SECTION 6.03 Shareholder Meeting; Proxy Material. Company shall cause a
meeting of its shareholders ("Company Shareholder Meeting") to be duly called
and held as soon as reasonably practicable following the purchase of Shares
pursuant to the Offer for the purpose of voting on the approval and adoption of
this Agreement and the Merger unless a vote of shareholders of Company is not
required by the New York Law. The Board of Directors of Company shall recommend
approval and adoption of this Agreement and the Merger by Company's
shareholders. In connection with such meeting, Company will: (i) promptly after
the consummation of the Offer, prepare and file with the SEC, use its best
effort to have cleared by the SEC, and thereafter mail to its shareholders as
promptly as practicable, a proxy statement and all other proxy materials for
such meeting; (ii) use its best efforts to obtain the necessary approvals by its
shareholders of this Agreement and the transactions contemplated hereby; and
(iii) otherwise comply with all legal requirements. If requested by Buyer or
Merger Subsidiary, Company will file a proxy statement and all other proxy
materials with the SEC that are prepared by Buyer and reasonably acceptable to
Company and call a special meeting of shareholders, in anticipation of (and
prior to) the purchase of Shares in response to the Offer. The actions required
to be taken by Company and its Board of Directors pursuant to this Section 6.03
shall be subject to Company's Board of Director's fiduciary duties.
SECTION 6.04 Access to Information.
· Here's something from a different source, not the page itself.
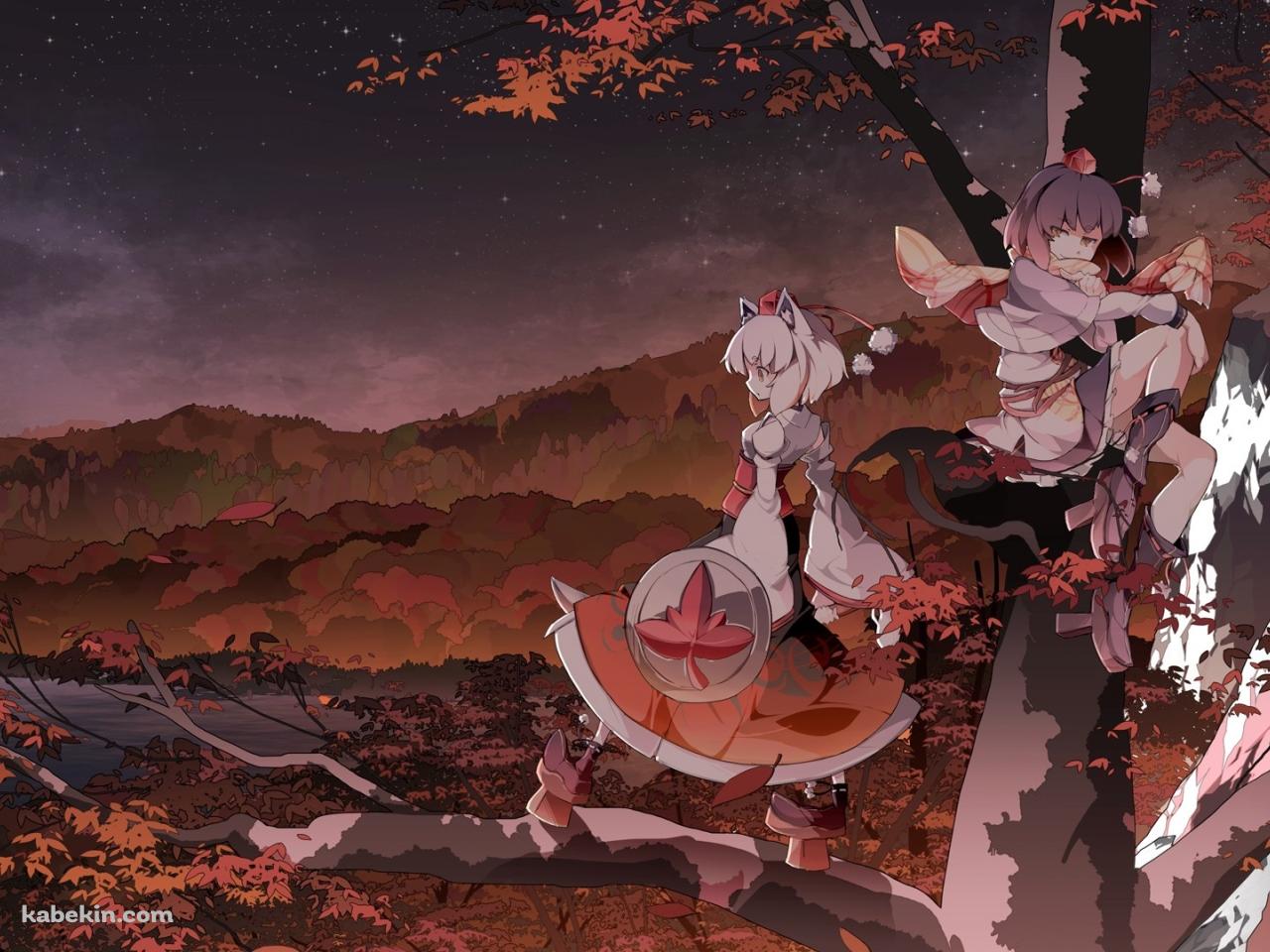 東方 touhou 2の壁紙(1280px x 960px) 高画質 PC・デスクトップ用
Company and each Subsidiary: (i)
upon reasonable notice will give Buyer, its counsel, financial advisors,
auditors and other authorized representatives reasonable access during normal
business hours to the offices, properties, books and records of Company and each
Subsidiary; (ii) upon reasonable notice will furnish to Buyer, its counsel,
financial advisors, auditors and other authorized representatives such financial
and operating data and other information as such Persons may reasonably request;
and (iii) will instruct Company's and each Subsidiary's employees, counsel and
financial advisors to cooperate with Buyer in its investigation of the business
of Company and each Subsidiary; provided that no investigation pursuant to this
Section shall affect any representation or warranty given by Company to Buyer or
Merger Subsidiary hereunder and any information received by Buyer or its
representatives shall remain subject to the Confidentiality Agreement dated
August 22, 1995, between Buyer and Company (the "Confidentiality Agreement").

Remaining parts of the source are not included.